What you should repeat is the run of lines from the top of the listing below through the line with "Plant Medicine for", exactly, with no pictures.

--------------------------------

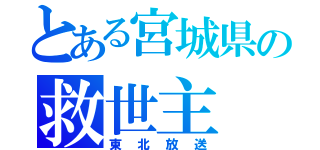 とある宮城県の救世主（東北放送）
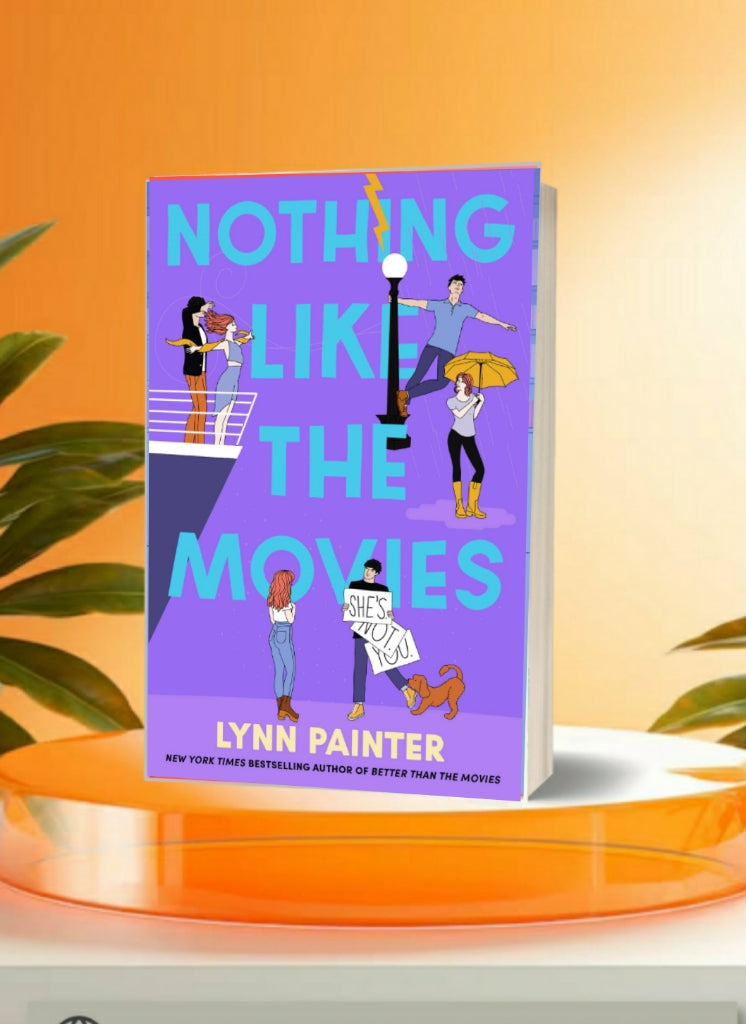 Nothing Like the Movies
Book by Lynn Painter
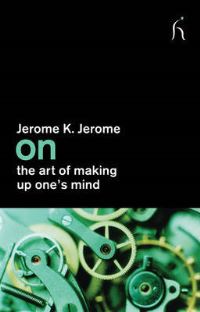 Book Cover for On the Art of Making Up One's Mind by Jerome K Jerome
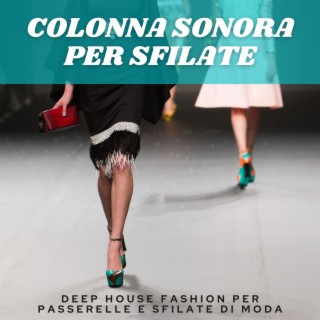 Colonna sonora per sfilate: Deep house fashion per passerelle e sfilate di moda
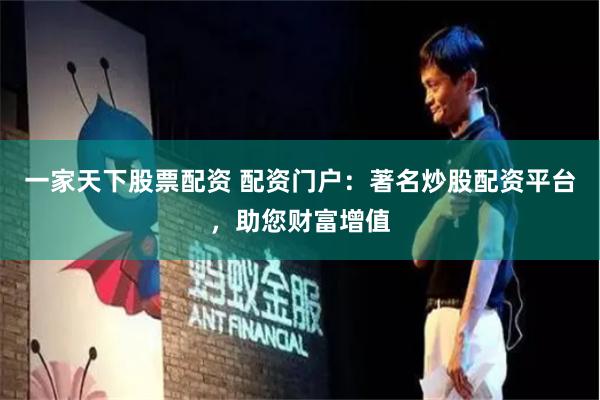 一家天下股票配资 配资门户：著名炒股配资平台，助您财富增值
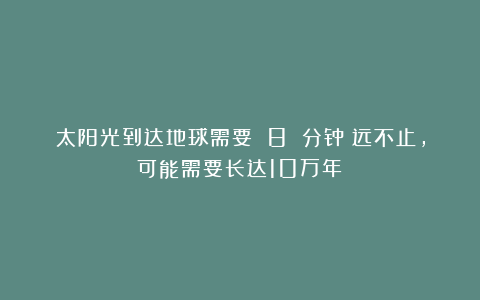 太阳光到达地球需要 8 分钟？远不止，可能需要长达10万年！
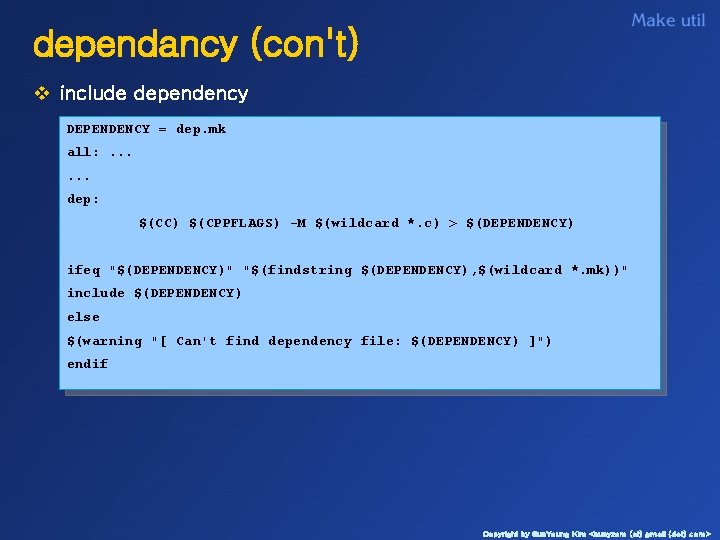 dependancy (con't) v include dependency DEPENDENCY = dep. mk all: . . . dep:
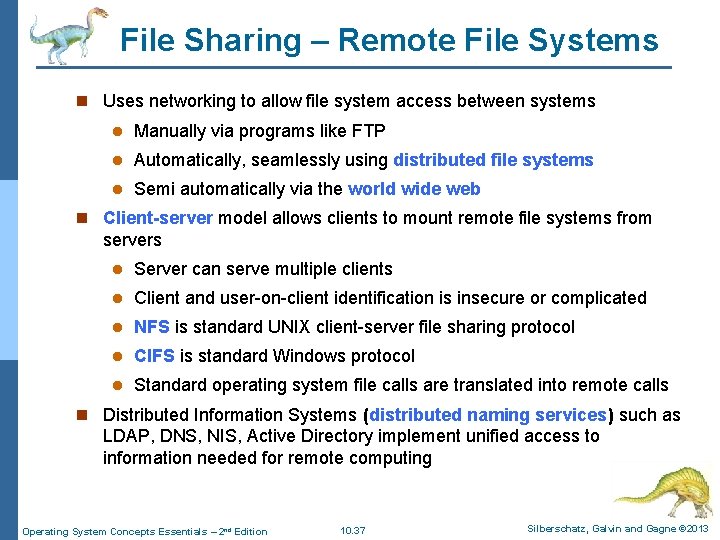 File Sharing – Remote File Systems n Uses networking to allow file system access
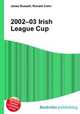 2002–03 Irish League Cup, Jesse Russell,Ronald Cohn 
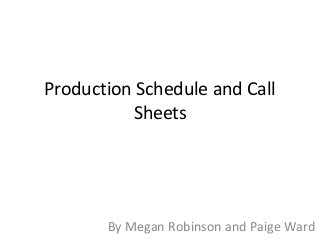 Production Schedule and Call
          Sheets




       By Megan Robinson and Paige Ward
 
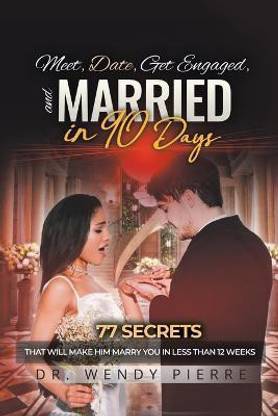 Meet, Date, Get Engaged, and Married in 90 Days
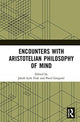 Book cover of: Encounters with Aristotelian Philosophy of Mind. By: Pavel Gregoric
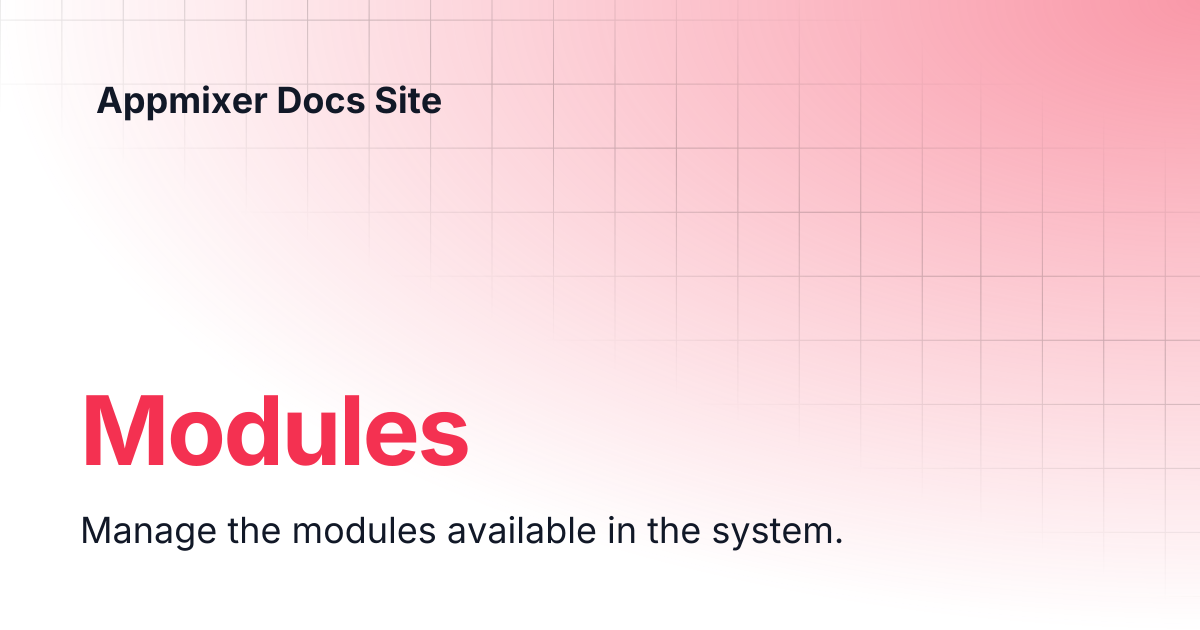 Modules | 5.0 | Appmixer Docs Site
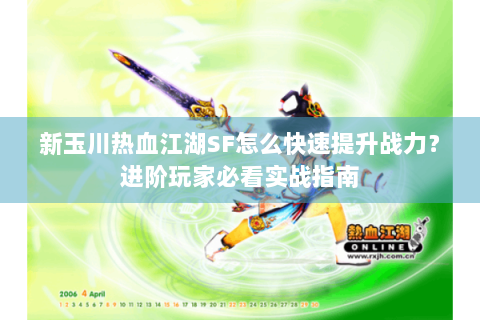 新玉川热血江湖SF怎么快速提升战力？进阶玩家必看实战指南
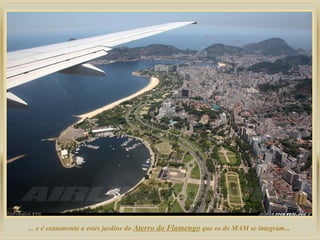 ... e é exatamente a estes jardins do Aterro do Flamengo que os do MAM se integram...
 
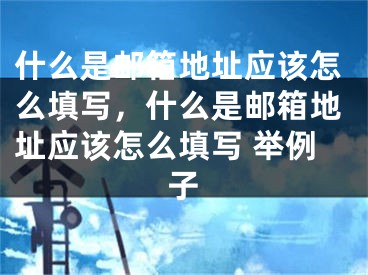 什么是郵箱地址應(yīng)該怎么填寫，什么是郵箱地址應(yīng)該怎么填寫 舉例子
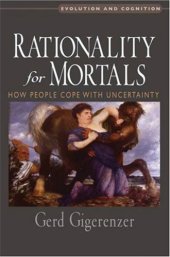 book Rationality for mortals: risk and rules of thumb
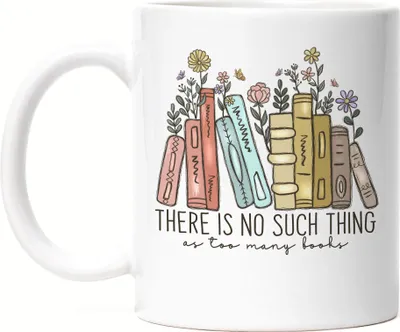 Produktbild von There is no such thing as too many books Tasse Weiß Leseratte Bücherwurm
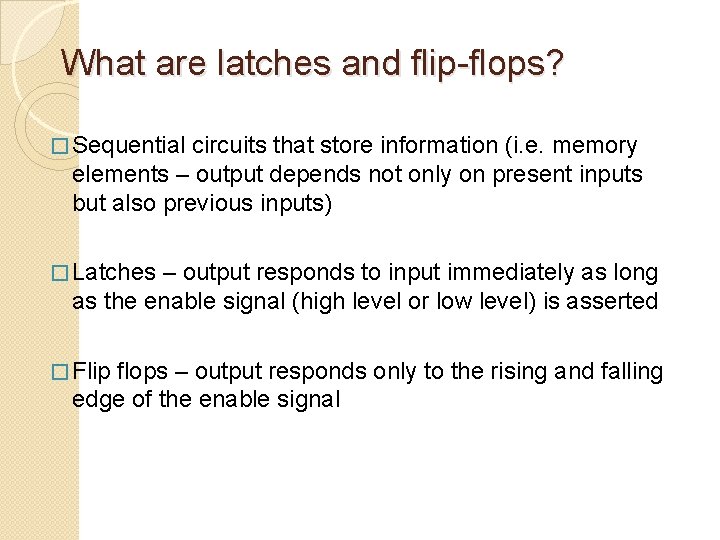 What are latches and flip-flops? � Sequential circuits that store information (i. e. memory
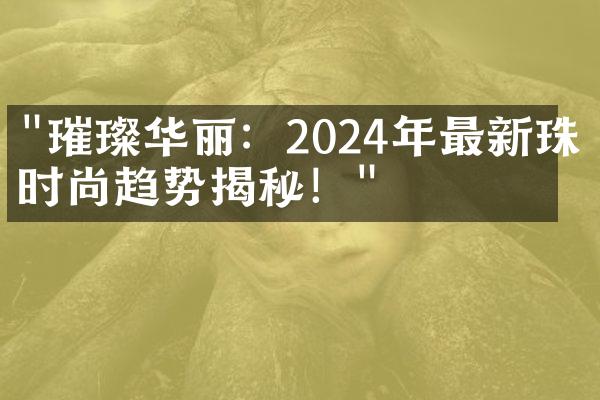 "璀璨华丽：2024年最新珠宝时尚趋势揭秘！"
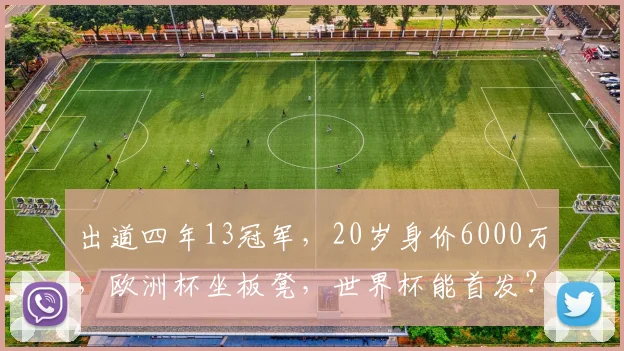 出道四年13冠军,20岁身价6000万,欧洲杯坐板凳,世界杯能首发?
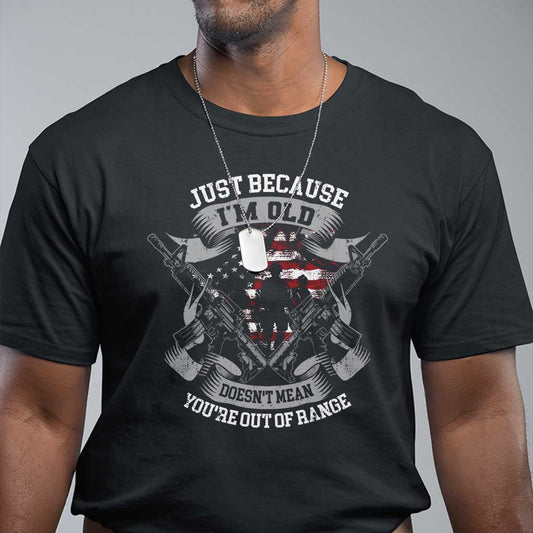 veteran-t-shirt-just-because-im-old-doesnt-mean-youre-out-of-range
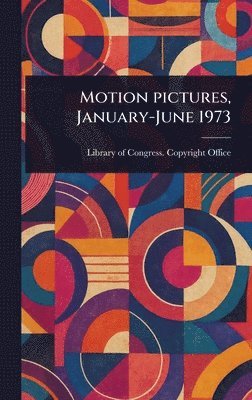 bokomslag Motion Pictures, January-June 1973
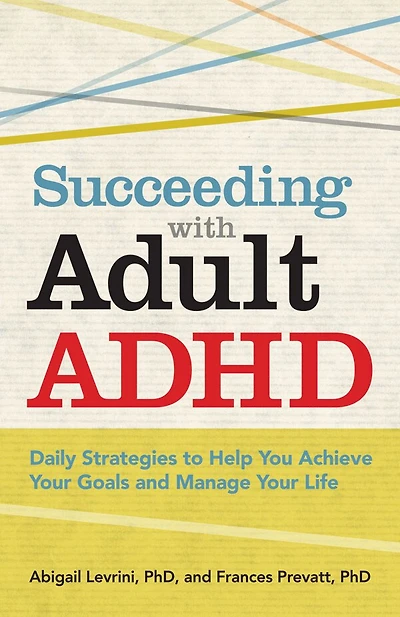 Succeeding With Adult ADHD: Daily Strategies to Help You Achieve Your Goals and Manage Life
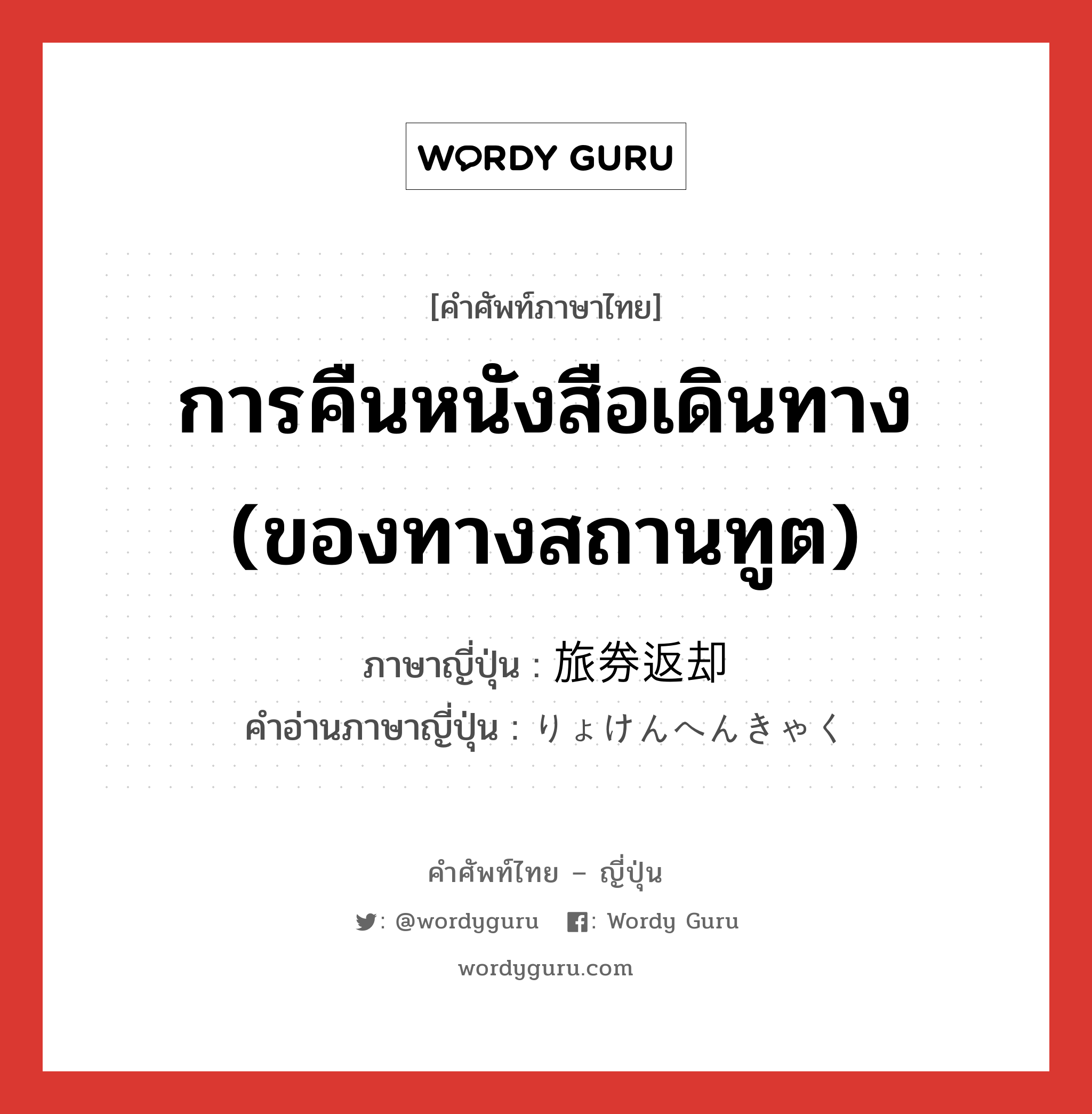 การคืนหนังสือเดินทาง (ของทางสถานทูต) ภาษาญี่ปุ่นคืออะไร, คำศัพท์ภาษาไทย - ญี่ปุ่น การคืนหนังสือเดินทาง (ของทางสถานทูต) ภาษาญี่ปุ่น 旅券返却 คำอ่านภาษาญี่ปุ่น りょけんへんきゃく หมวด n หมวด n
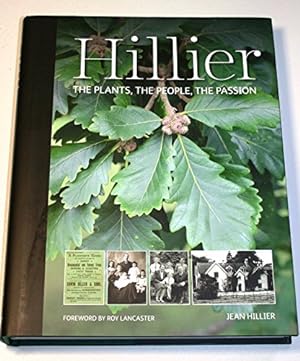 Bild des Verkufers fr Hillier: the Plants, the People, the Passion zum Verkauf von WeBuyBooks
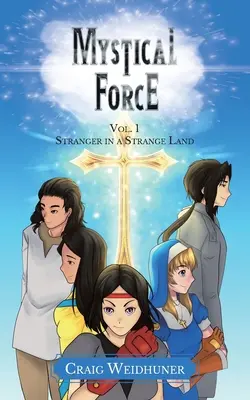 Mystische Kraft: Bd. 1 Fremder in einem fremden Land - Mystical Force: Vol. 1 Stranger in a Strange Land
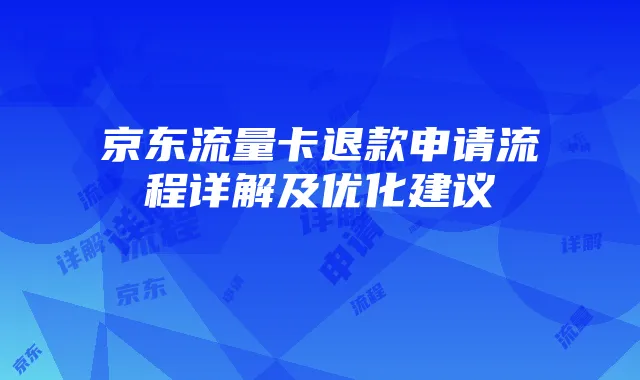 京东流量卡退款申请流程详解及优化建议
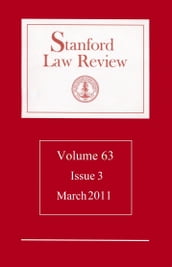 Stanford Law Review: Volume 63, Issue 3 - March 2011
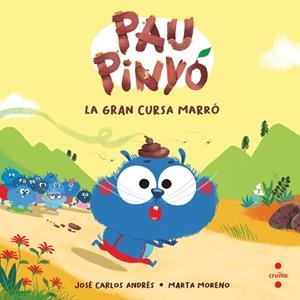 PAU PINYÓ 01. LA GRAN CURSA MARRÓ | 9788466154390 | ANDRÉS, JOSÉ CARLOS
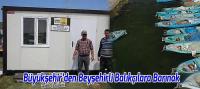 Konya Büyükşehir’den Beyşehirli Balıkçılara Konteyner Barınak
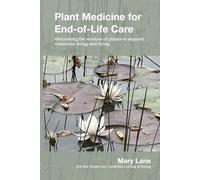 Plant Medicine for End-of-Life Care: Welcoming the Wisdom of Plants to Support Conscious Living and Dying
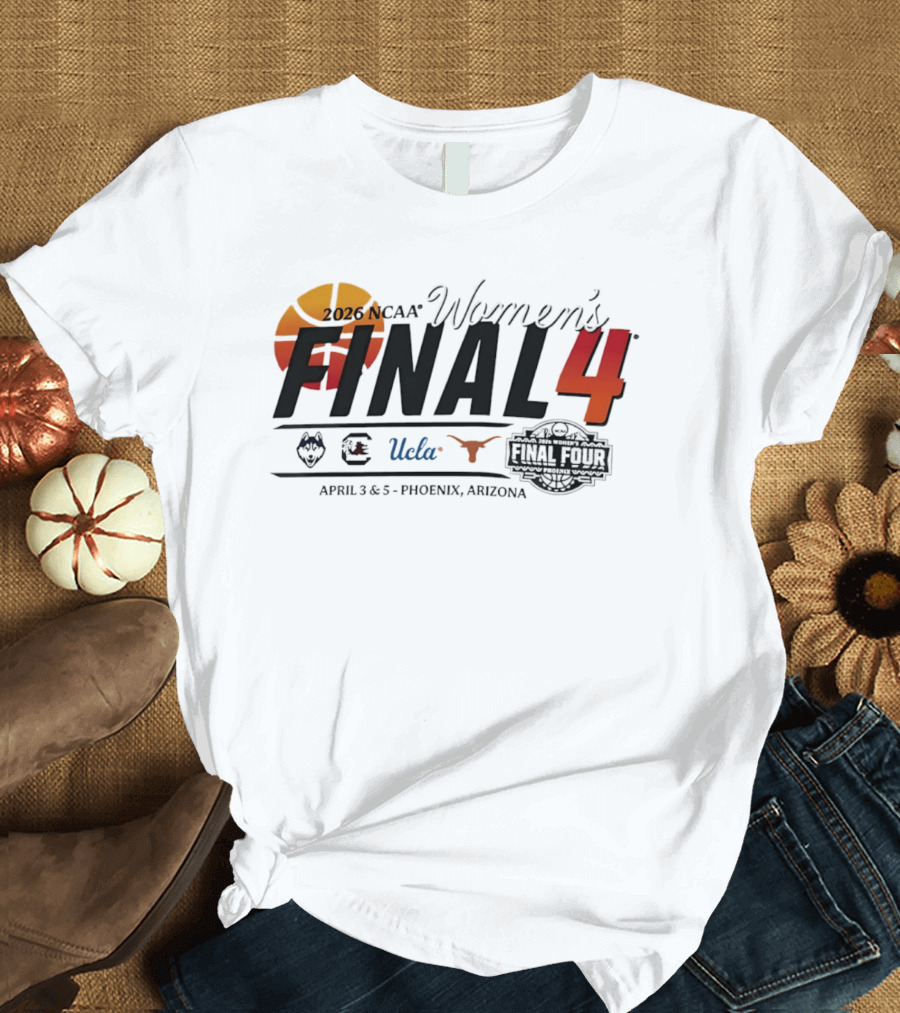 2026 NCAA Women's Final Four UConn UCLA Texas Gamecocks April 3 5 Phoenix Arizona T-Shirt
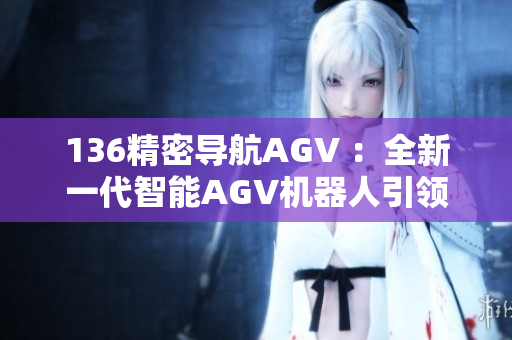 136精密导航AGV ：全新一代智能AGV机器人引领行业潮流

--------------------------------

#### [SOLUTION TO THIS TASK]
 とある宮城県の救世主（東北放送）
 Nothing Like the Movies
Book by Lynn Painter
 Book Cover for On the Art of Making Up One's Mind by Jerome K Jerome
 Colonna sonora per sfilate: Deep house fashion per passerelle e sfilate di moda
 一家天下股票配资 配资门户：著名炒股配资平台，助您财富增值
 太阳光到达地球需要 8 分钟？远不止，可能需要长达10万年！
 dependancy (con't) v include dependency DEPENDENCY = dep. mk all: . . . dep:
 File Sharing – Remote File Systems n Uses networking to allow file system access
 2002–03 Irish League Cup, Jesse Russell,Ronald Cohn 
 Production Schedule and Call
          Sheets




       By Megan Robinson and Paige Ward
 
 Meet, Date, Get Engaged, and Married in 90 Days
 Book cover of: Encounters with Aristotelian Philosophy of Mind. By: Pavel Gregoric
 Modules | 5.0 | Appmixer Docs Site
 新玉川热血江湖SF怎么快速提升战力？进阶玩家必看实战指南
 ... e é exatamente a estes jardins do Aterro do Flamengo que os do MAM se integram...
 
 什么是郵箱地址應(yīng)該怎么填寫，什么是郵箱地址應(yīng)該怎么填寫 舉例子
 book Rationality for mortals: risk and rules of thumb
 Produktbild von There is no such thing as too many books Tasse Weiß Leseratte Bücherwurm
 What are latches and flip-flops? � Sequential circuits that store information (i. e. memory
 "璀璨华丽：2024年最新珠宝时尚趋势揭秘！"
 出道四年13冠军,20岁身价6000万,欧洲杯坐板凳,世界杯能首发?
 veteran-t-shirt-just-because-im-old-doesnt-mean-youre-out-of-range
 bokomslag Motion Pictures, January-June 1973
 Succeeding With Adult ADHD: Daily Strategies to Help You Achieve Your Goals and Manage Life
 การคืนหนังสือเดินทาง (ของทางสถานทูต) ภาษาญี่ปุ่นคืออะไร, คำศัพท์ภาษาไทย - ญี่ปุ่น การคืนหนังสือเดินทาง (ของทางสถานทูต) ภาษาญี่ปุ่น 旅券返却 คำอ่านภาษาญี่ปุ่น りょけんへんきゃく หมวด n หมวด n
 Bild des Verkufers fr Hillier: the Plants, the People, the Passion zum Verkauf von WeBuyBooks
 Mystische Kraft: Bd. 1 Fremder in einem fremden Land - Mystical Force: Vol. 1 Stranger in a Strange Land
 京东流量卡退款申请流程详解及优化建议
 Stanford Law Review: Volume 63, Issue 3 - March 2011
 PAU PINYÓ 01. LA GRAN CURSA MARRÓ | 9788466154390 | ANDRÉS, JOSÉ CARLOS
 Konya Büyükşehir’den Beyşehirli Balıkçılara Konteyner Barınak
 Plant Medicine for End-of-Life Care: Welcoming the Wisdom of Plants to Support Conscious Living and Dying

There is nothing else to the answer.